PENSACOLA, Fla. – Authorities say the man charged with setting fire to a Florida Panhandle abortion clinic long targeted by violence told investigators he was motivated by his hatred for abortion.
In an affidavit released late Thursday, prosecutors said 41-year-old Bobby Joe Rogers told investigators that he made a fire bomb and threw it at the Pensacola clinic early Sunday.
Rogers said he was pushed to action after he saw a young woman enter the clinic for an abortion while he was standing outside the clinic with a group of protesters recently.
Bobby Joe Rogers, 41, was charged with one count of damaging a building by fire or explosive and was being held Thursday at the Escambia County Jail, authorities said earlier in the day. He could face up to 20 years in prison if convicted.
Little was known about Rogers including any motive he may have had for torching the office of American Family Planning.
Court documents painted a picture of Rogers as a drifter with a criminal past.
Investigators initially said Rogers was from Tuscaloosa, Ala., and later said he was from Pensacola. They offered no reason for the discrepancy. Jail records listed no address.
Investigators said tips from the Pensacola community led to Rogers' arrest in the early New Year's day blaze.
The two-story Pensacola clinic that was gutted by flames has been attacked before. It was bombed on Christmas Day in 1984, and in 1994 a doctor and a volunteer who escorted patients to and from the clinic were shot to death as they arrived. The gunman, Paul Hill, was executed in 2003.
No one was hurt in Sunday's fire, which was reported around 1 a.m. that morning.

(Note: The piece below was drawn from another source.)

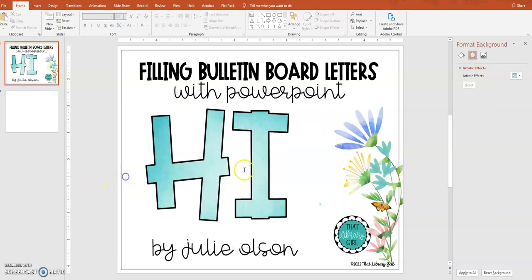Perfect letters that match and look like you paid big money for them, but you made them yourself. If you have any more questions for me, please drop a comment down in the thread and I will try to make another little video for you. Have a great day!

Investigators from a federal joint terrorism task force and the Bureau of Alcohol, Tobacco, Firearms and Explosives joined the investigation headed by the state fire marshal.
Rogers had a brief preliminary hearing on Thursday. He waived his right to detention hearing and to a preliminary hearing and agreed to be represented by the federal public defender's office.
An affidavit detailing the circumstances of Rogers arrest was initially sealed by the court clerk, but prosecutors had requested that it be unsealed.
Records from Alachua County show Rogers was arrested on Dec. 12, 2009, on charges of vehicle theft. Art Forgey, spokesman for the Alachua County Sheriff's office said he spent three months in the Alachua County Jail. Court records from the Alachua County case were not immediately available.
Rogers offered only "some kind of prison release ID card," when he and another man were pulled over driving the stolen car in 2009, the arresting officer wrote in his report.
The officer stopped the 1994 Mercury Sable because of a malfunctioning headlight. Rogers was the passenger.
"When I approached the vehicle the driver and the passenger appeared nervous. I could see open containers of beer in the car driver side and passenger side," the highway patrol officer wrote.
The driver had a suspended license and Rogers, who gave an address in Boca Raton, had no license. Both men were arrested on charges of grand theft auto. The arrest report indicated that Rogers had been drinking and that the officer was uncertain if Rogers had taken any drugs.
The 2009 arrest report spells Rogers last name "Rodgers," but his photo and his birthdate match.
Investigators said Sunday's blaze began behind the clinic in a wooded area and that the building burned without notice for a while because of the dense fog that had settled over the region that morning.
American Family Planning has been the site of near-daily protests with anti-abortion activists carrying Bibles, crosses and signs, but the violence that marked the clinic in the mid1990s had stopped before the New Year's blaze.
Pensacola was the site of other abortion-related violence in 1993 when Dr. David Gunn was shot and killed at another clinic by an abortion protester.